Alan Smith

Personal information
- Full name: Alan Christopher Smith
- Born: 25 October 1936 (age 89) Hall Green, Birmingham, Warwickshire
- Batting: Right-handed
- Bowling: Right-arm fast-medium

International information
- National side: England;
- Test debut: 30 November 1962 v Australia
- Last Test: 15 March 1963 v New Zealand

Career statistics
| Competition | Test | FC | LA |
| Matches | 6 | 428 | 82 |
| Runs scored | 118 | 11,027 | 594 |
| Batting average | 29.50 | 20.92 | 14.14 |
| 100s/50s | 0/1 | 3/38 | 0/0 |
| Top score | 69* | 145 | 39* |
| Balls bowled | – | 7,158 | 1,038 |
| Wickets | – | 131 | 19 |
| Bowling average | – | 23.46 | 33.68 |
| 5 wickets in innings | – | 2 | 1 |
| 10 wickets in match | – | 0 | 0 |
| Best bowling | – | 5/32 | 5/19 |
| Catches/stumpings | 20/– | 715/61 | 58/2 |
- Source: Cricinfo, 17 November 2022

= Alan Smith (cricketer) =

English cricketer

Alan Christopher Smith (born 25 October 1936), often known as A. C. Smith, is an English former Test cricketer, who appeared in six Tests matches for England. Primarily a wicket-keeper, Smith was also a capable right-handed middle-order batsman and right-arm seam bowler. Very unusually for a regular wicket-keeper, he was sometimes selected by Warwickshire as a frontline bowler.

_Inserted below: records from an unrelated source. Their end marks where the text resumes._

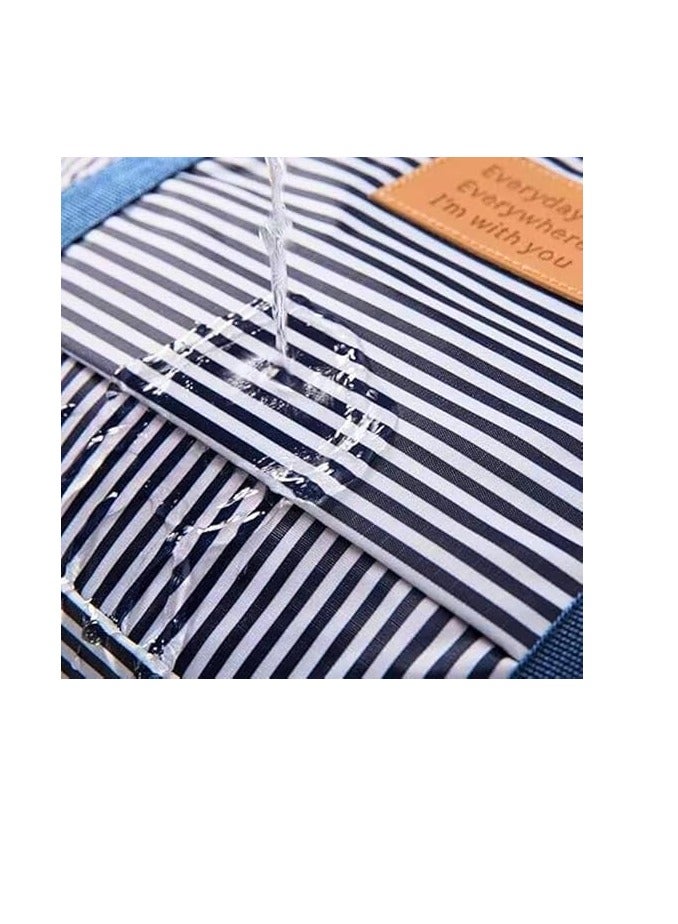 شنطة تخزين كبيرة محمولة مقاومة للماء مع سحابات، قماش اوكسفورد سميك شديد التحمل، شنطة منظمة مثالية للسفر واللحاف والبطانيات، مقاس جامبو 70 × 50 × 30 سم (اخضر فاتح مع شريط ابيض) - Image 3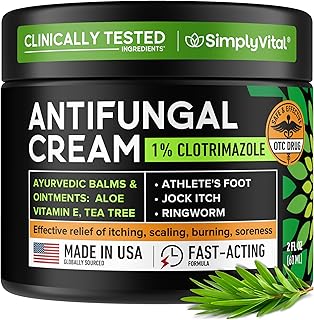 Antifungal Cream for Athlete's Foot, Ringworm & Jock Itch - Clotrimazole 1% Made in USA - Extra Strength Ring Worm, Jock Itch Cream, Anti Fungal Athletes Foot Treatment for Humans Skin Fungus - 2 oz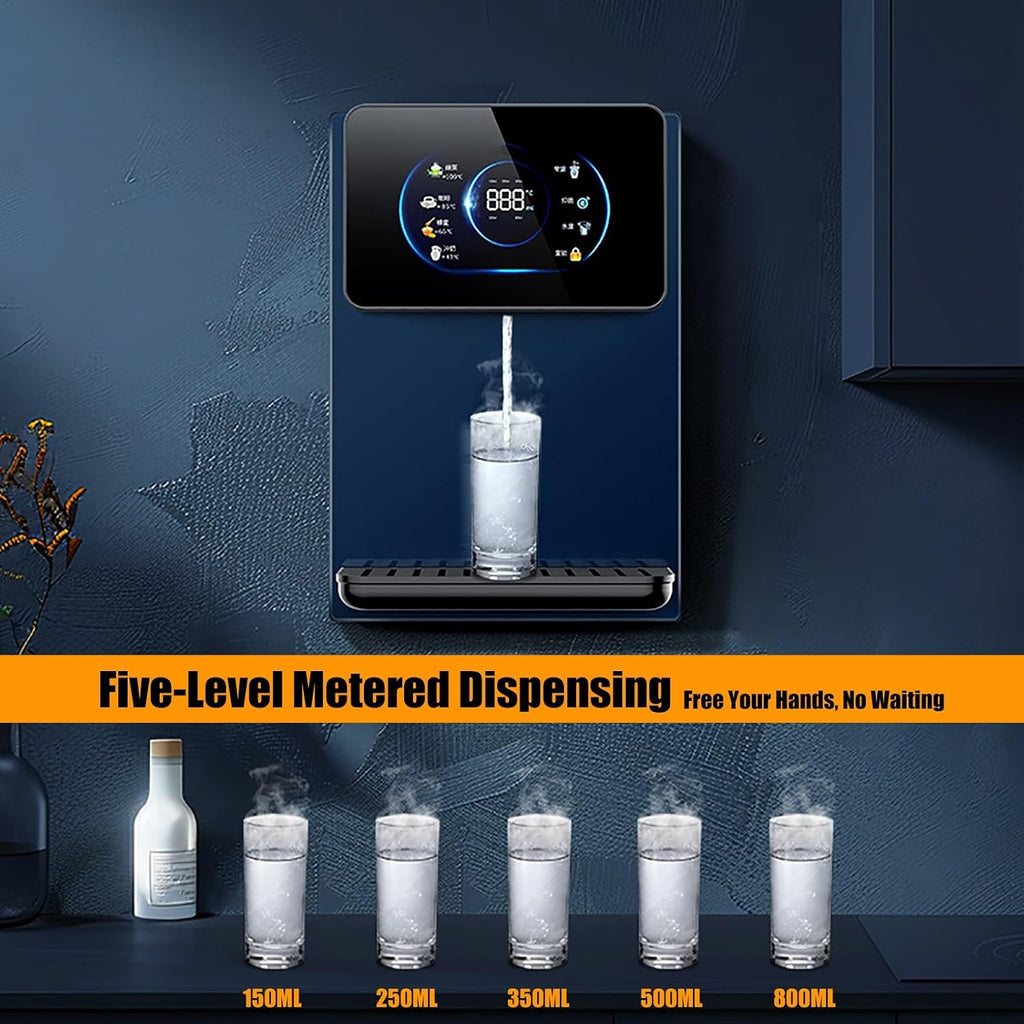 Wall Mounted Instant Heat Water Dispenser, 5 Levels Temperature Control, 5rd Level Water Volume Control, Automatic Cold Despenser with Child Lock(Black)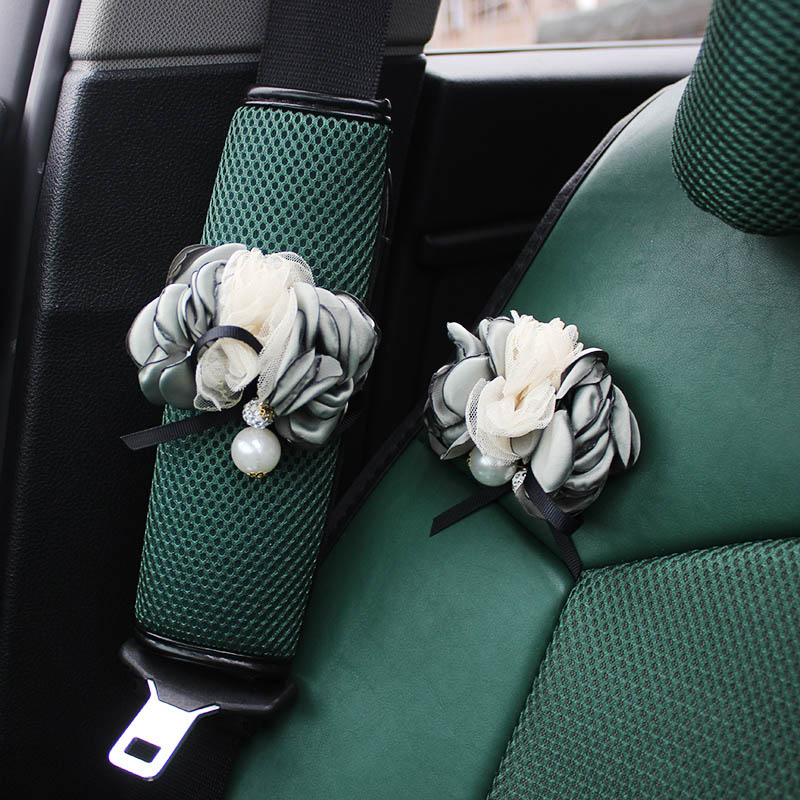 1pcs Car Safety Seat Belt Covers Women Creative Mesh Flower Leather Shoulder Pads - Green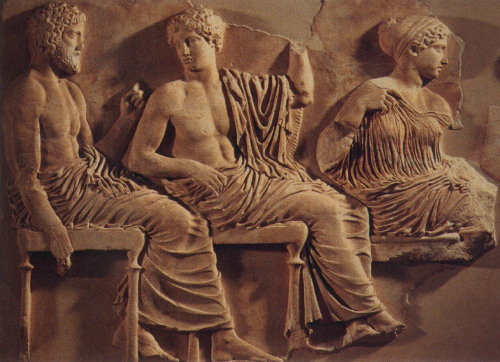 commonurl: Poseidon, Apollo, and Artemis.  Parthenon frieze.  Ca. 445 BC.  Marble.&nb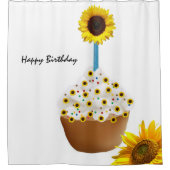 ひまわりカップケーキシャワーカーテン シャワーカーテン (正面)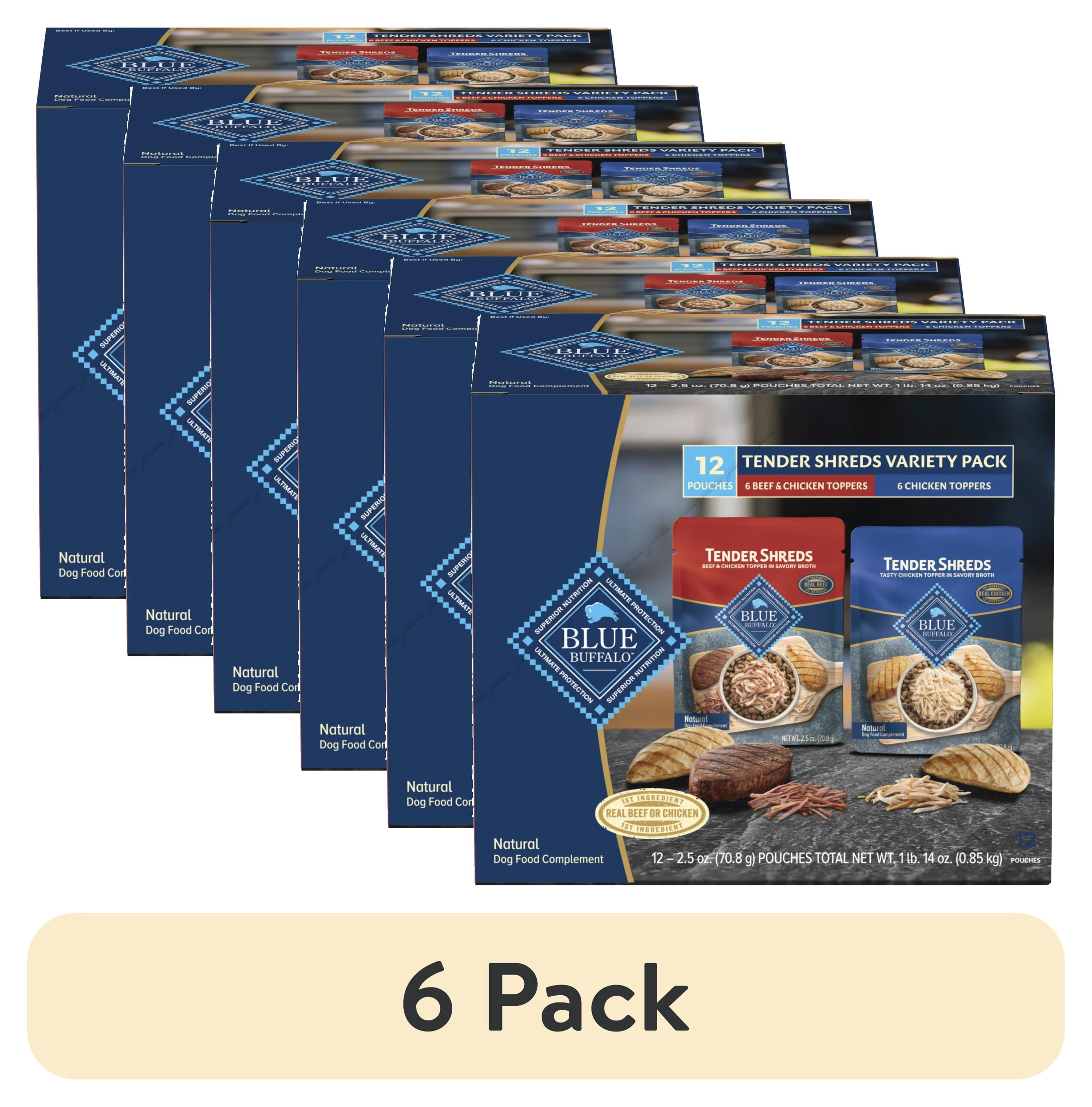 (6 pack) Blue Buffalo Tender Shreds Toppers, Natural Dog Food, 2.5-oz. Pouch, 12-Count Variety Pack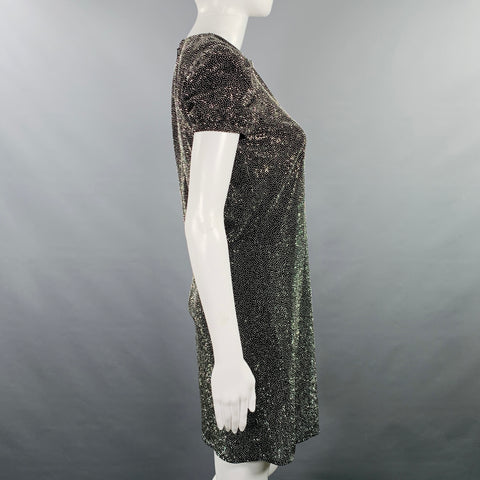 SAINT LAURENT 2019 Size XS Black Silver Viscose Rhinestones Cocktail Dress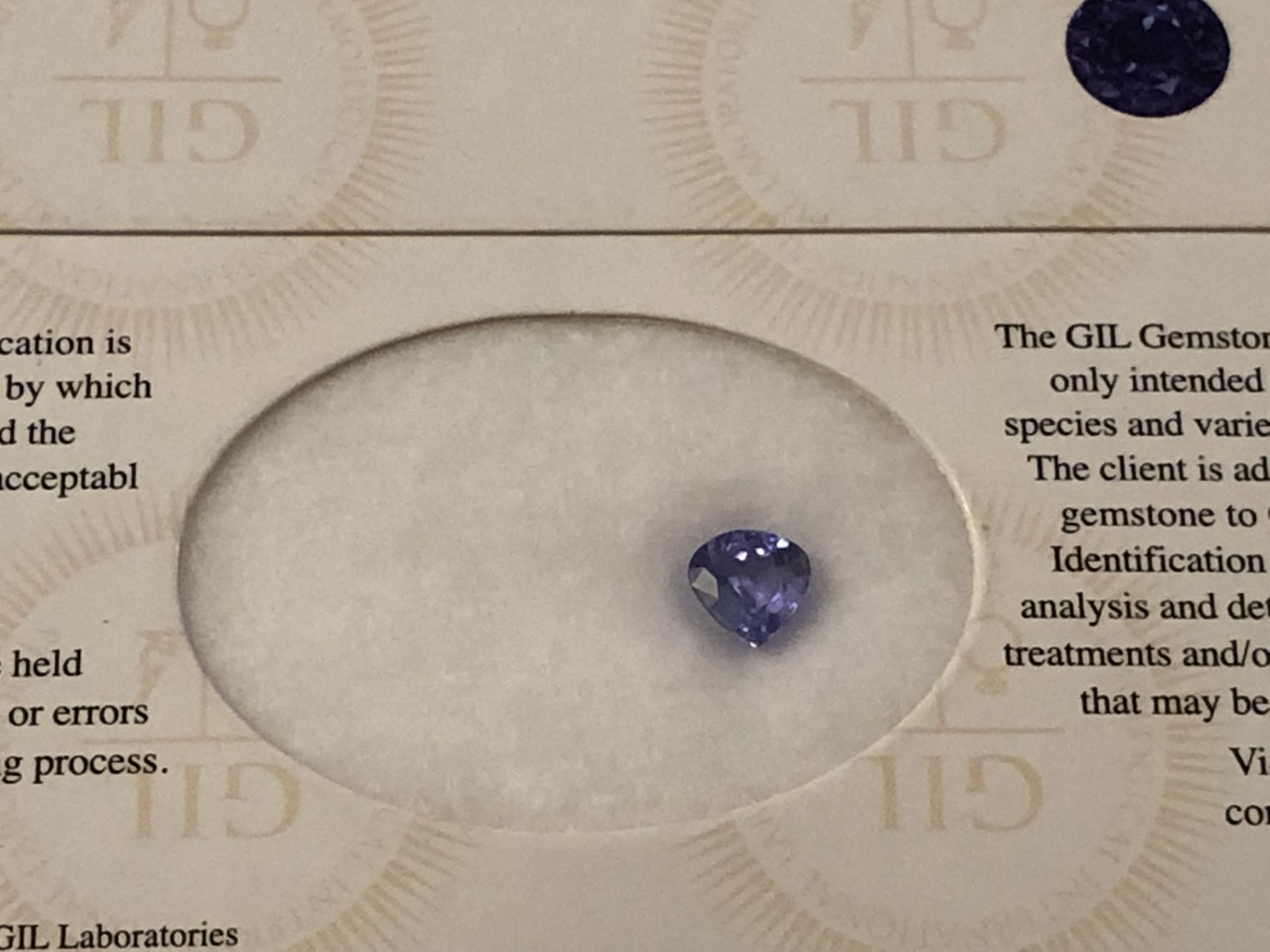 1.14ct Natural Tanzanite with GIL Certificate - Image 2 of 2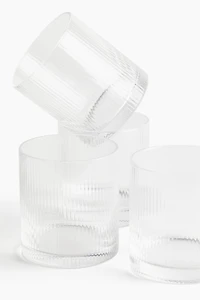 Lot de 4 verres à eau rainurées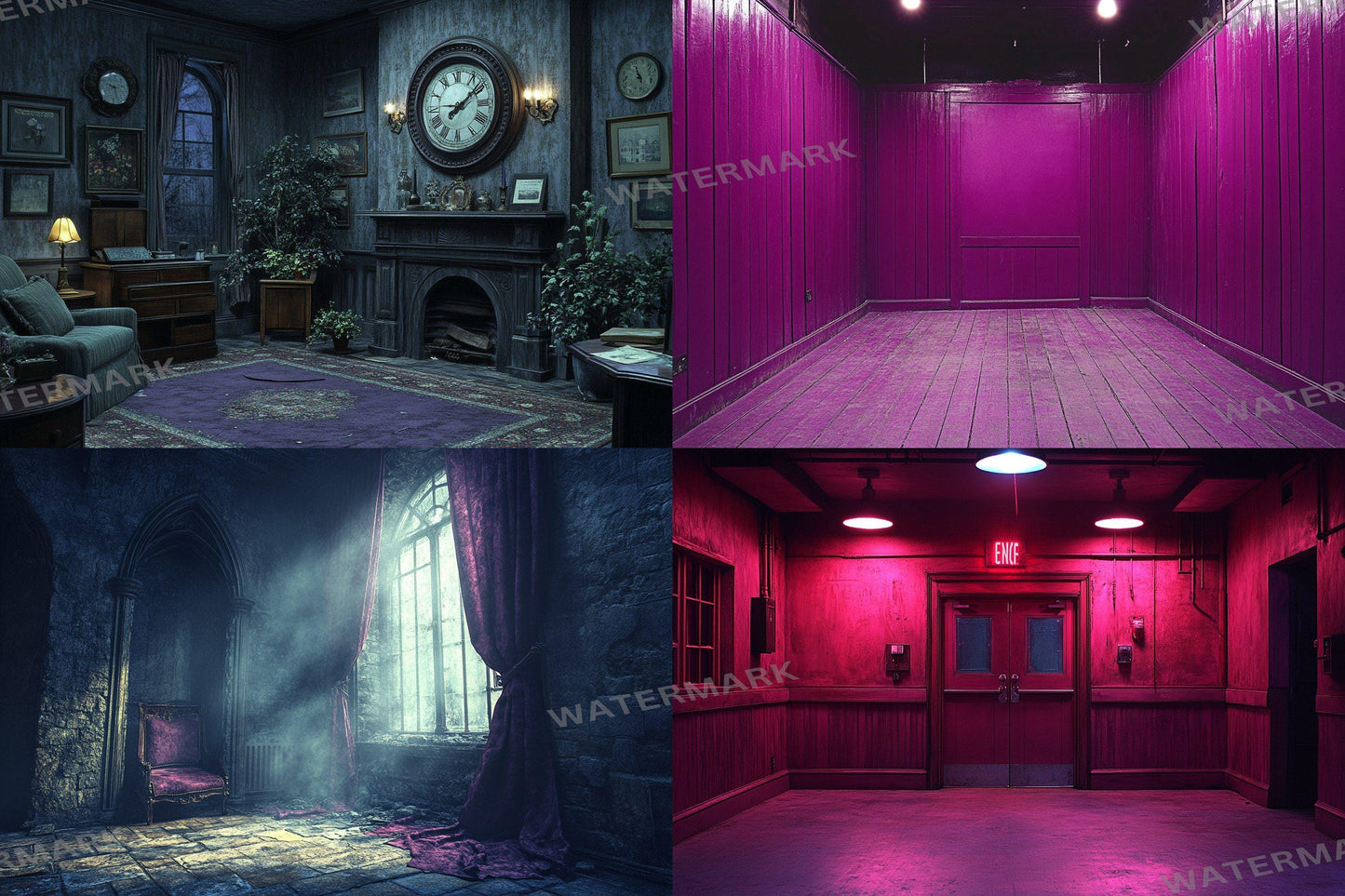 Deep purple textured digital backdrops for portrait photography, grunge PNG overlays, studio photo backgrounds, moody composite editing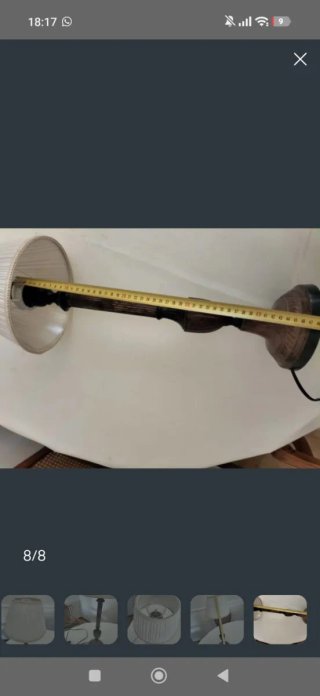 Lamparilla de mesa madera y tela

He was in the last group of amateurs to play for England, before the Marylebone Cricket Club (MCC) abolished such a status.

==Life and career==
Educated at King Edward's School, Birmingham and Brasenose College, Oxford, Smith scored his maiden first-class century (106, opening the batting) for Oxford University against the Marylebone Cricket Club (MCC) in 1958. He won blues 1957–1960, and captained Oxford University 1959–1960. Against Hampshire in 1959, Smith captained Oxford, kept wicket and scored centuries in both innings (145 and 124). Against the Free Foresters in 1960, Charles Fry's deputising as wicket-keeper allowed Smith to bowl himself; having never previously taken more than a single first-class wicket in an innings, he claimed figures of 5–32 and 4–45.

With Jim Parks, Jr. incumbent as England's wicket-keeper, Smith's international opportunities were limited to one tour of Australia and New Zealand under the captaincy of Ted Dexter in 1962–63. Smith failed with the bat in his four Tests against Australia; his score of 69 not out from number 10 in the Second Test against New Zealand, sharing a vital unbroken 163-run partnership with Colin Cowdrey to set up an innings victory, was his only batting contribution of note.

He succeeded M. J. K. Smith, to whom he was unrelated, as county captain of Warwickshire in 1965, retaining the post until his retirement at the end of the 1974 season. Against Essex in 1965 he achieved the very rare feat of taking a hat-trick as bowler in a first-class match in which he had been selected as a wicket-keeper. As the West Indian wicket-keeper Deryck Murray played for Warwickshire from 1972 onwards, Smith was seldom required to keep, and was hence able to bowl increasingly regularly towards the end of his career; in 1972 he took 5–47 against Glamorgan and 5–19 in a 40-over match against Northants. On one occasion, Smith was a member of a Warwickshire team which boasted three international wicket-keepers, none of whom were keeping wicket: Deryck Murray was injured, Rohan Kanhai had given up keeping, and Smith had been selected for his bowling, leaving occasional wicket-keeper John Jameson behind the stumps.

After retirement he became a leading figure in the game's organisation including spells as Secretary of Warwickshire County Cricket Club (1976–1986), as an England selector and Chief Executive of the Test and County Cricket Board (1986–1996).